I think you might be misunderstanding the point @Shanty Pete's 1st Mate and @Jotari are making (which I agree with): that the lines are effective because they're delivered well. It's not about the content of the lines themselves (which I agree read as relatively generic going by pure text) or that they're coming from a dragon, it's that the stellar voice work sells her combination of anguish and self-righteousness that makes her an effective and memorable character.

Like I said, it's the Loghain/Caesar Problem where just about everything that makes Rhea/Seiros legit interesting is in the routes where she's not an enemy and/or supplemental material. She doesn't really try to give solid argument for her way of doing things when facing Team Edel herself unlike Edel and Dim towards each-other.

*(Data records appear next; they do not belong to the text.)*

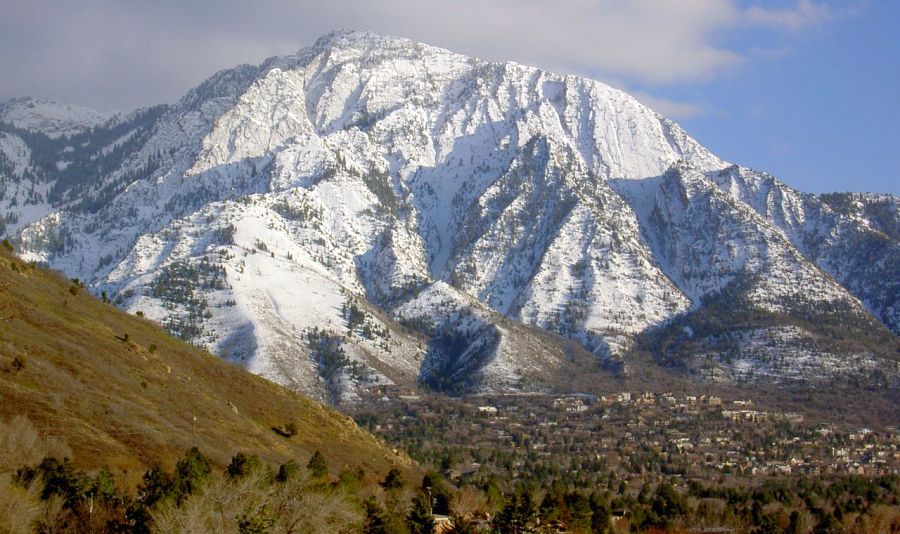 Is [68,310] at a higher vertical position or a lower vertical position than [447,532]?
higher

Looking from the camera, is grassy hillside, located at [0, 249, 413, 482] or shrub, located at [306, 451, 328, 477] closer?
grassy hillside, located at [0, 249, 413, 482]

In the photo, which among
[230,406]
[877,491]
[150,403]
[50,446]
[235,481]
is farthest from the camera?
[877,491]

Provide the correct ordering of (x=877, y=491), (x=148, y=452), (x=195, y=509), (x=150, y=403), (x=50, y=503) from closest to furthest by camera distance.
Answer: (x=195, y=509) → (x=50, y=503) → (x=148, y=452) → (x=150, y=403) → (x=877, y=491)

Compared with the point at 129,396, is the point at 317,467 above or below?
below

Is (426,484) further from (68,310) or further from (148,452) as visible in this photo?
(68,310)

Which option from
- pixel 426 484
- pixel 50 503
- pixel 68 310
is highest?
pixel 68 310

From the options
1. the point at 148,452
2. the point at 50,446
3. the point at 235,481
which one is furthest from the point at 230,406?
the point at 235,481

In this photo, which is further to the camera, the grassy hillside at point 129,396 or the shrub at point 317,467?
the shrub at point 317,467

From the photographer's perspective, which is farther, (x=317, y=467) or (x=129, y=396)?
(x=129, y=396) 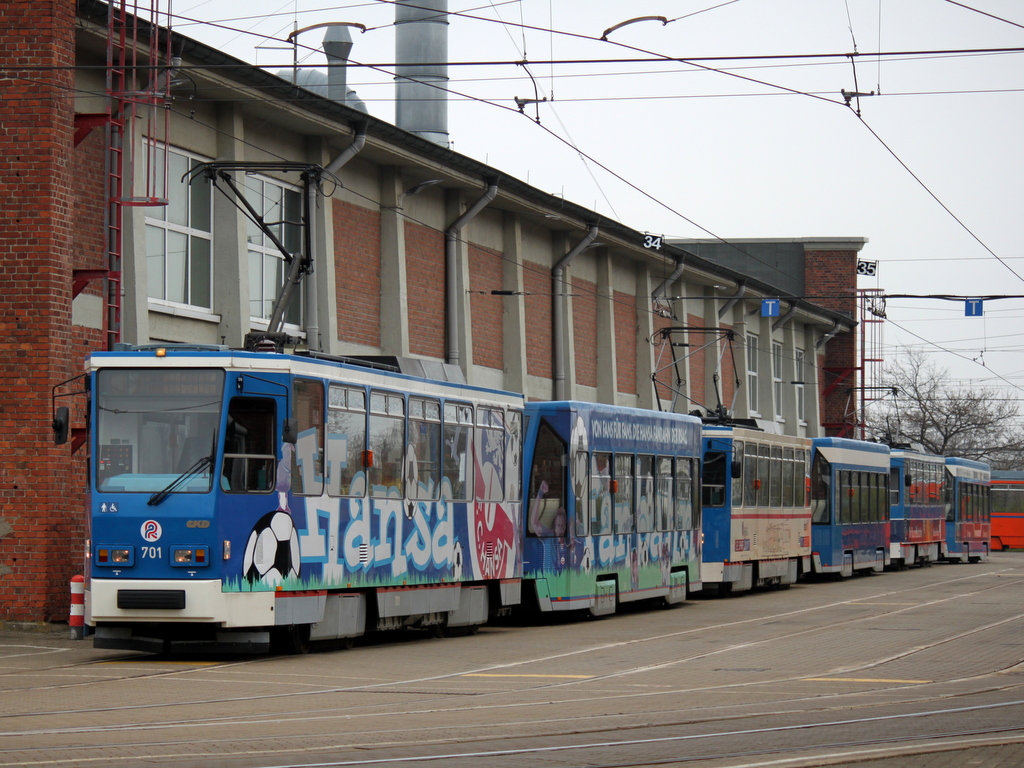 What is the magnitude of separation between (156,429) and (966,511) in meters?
38.0

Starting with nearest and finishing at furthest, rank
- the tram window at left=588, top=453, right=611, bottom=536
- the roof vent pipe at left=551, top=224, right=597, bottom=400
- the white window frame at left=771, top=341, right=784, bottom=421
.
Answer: the tram window at left=588, top=453, right=611, bottom=536
the roof vent pipe at left=551, top=224, right=597, bottom=400
the white window frame at left=771, top=341, right=784, bottom=421

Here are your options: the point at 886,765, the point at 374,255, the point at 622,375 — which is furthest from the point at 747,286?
the point at 886,765

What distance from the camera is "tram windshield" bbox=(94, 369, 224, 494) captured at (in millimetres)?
14078

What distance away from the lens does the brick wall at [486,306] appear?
1206 inches

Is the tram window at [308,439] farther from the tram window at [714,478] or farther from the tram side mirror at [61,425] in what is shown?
the tram window at [714,478]

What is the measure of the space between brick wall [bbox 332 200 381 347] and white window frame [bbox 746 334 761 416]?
81.7ft

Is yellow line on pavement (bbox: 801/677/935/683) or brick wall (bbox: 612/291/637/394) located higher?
brick wall (bbox: 612/291/637/394)

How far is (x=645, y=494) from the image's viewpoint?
75.9 feet

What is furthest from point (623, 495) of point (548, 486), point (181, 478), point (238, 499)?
point (181, 478)

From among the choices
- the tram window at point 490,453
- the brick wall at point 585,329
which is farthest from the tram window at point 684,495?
the brick wall at point 585,329

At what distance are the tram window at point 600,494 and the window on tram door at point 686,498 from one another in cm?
332

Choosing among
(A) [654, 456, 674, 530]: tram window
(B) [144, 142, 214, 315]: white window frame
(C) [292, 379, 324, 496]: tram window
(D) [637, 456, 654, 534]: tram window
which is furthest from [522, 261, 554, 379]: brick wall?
(C) [292, 379, 324, 496]: tram window

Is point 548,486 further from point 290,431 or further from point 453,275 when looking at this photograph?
point 453,275

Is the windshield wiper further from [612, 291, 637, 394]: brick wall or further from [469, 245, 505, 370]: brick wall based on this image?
[612, 291, 637, 394]: brick wall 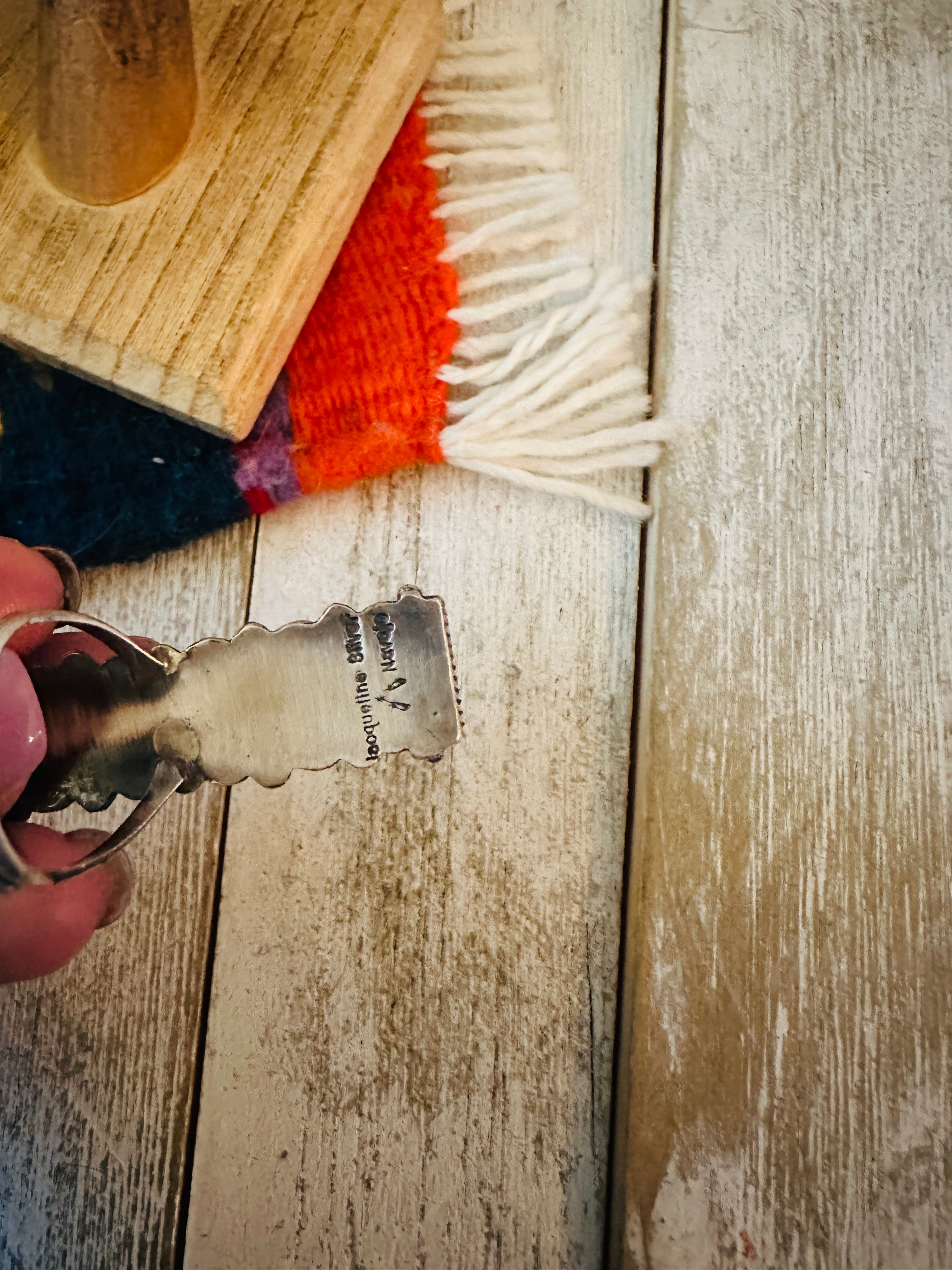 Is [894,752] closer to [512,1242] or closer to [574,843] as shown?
[574,843]

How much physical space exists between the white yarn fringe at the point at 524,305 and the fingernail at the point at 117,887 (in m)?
0.21

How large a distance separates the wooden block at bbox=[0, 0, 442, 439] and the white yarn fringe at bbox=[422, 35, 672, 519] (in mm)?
47

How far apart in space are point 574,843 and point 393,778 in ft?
0.27

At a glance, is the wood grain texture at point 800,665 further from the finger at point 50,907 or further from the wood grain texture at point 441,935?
the finger at point 50,907

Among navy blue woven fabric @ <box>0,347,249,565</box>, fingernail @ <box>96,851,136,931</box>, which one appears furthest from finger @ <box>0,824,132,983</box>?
navy blue woven fabric @ <box>0,347,249,565</box>

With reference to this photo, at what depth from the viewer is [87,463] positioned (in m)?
0.38

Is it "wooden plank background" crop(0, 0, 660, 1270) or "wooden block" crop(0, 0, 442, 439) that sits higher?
"wooden block" crop(0, 0, 442, 439)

How can you settle for less when you can have more? Even accepting her as dragon dictator lady, I am maintaining she still could've been a good one overall if she were handled more effectively.

30 minutes ago, Shanty Pete's 1st Mate said:

Yeah - it might be a bit unfair, comparing villains between those games with voice acting, and those without. But that's essentially it - strong voice acting can elevate the writing beyond tropes, to come across as real and convincing. See also: Berkut.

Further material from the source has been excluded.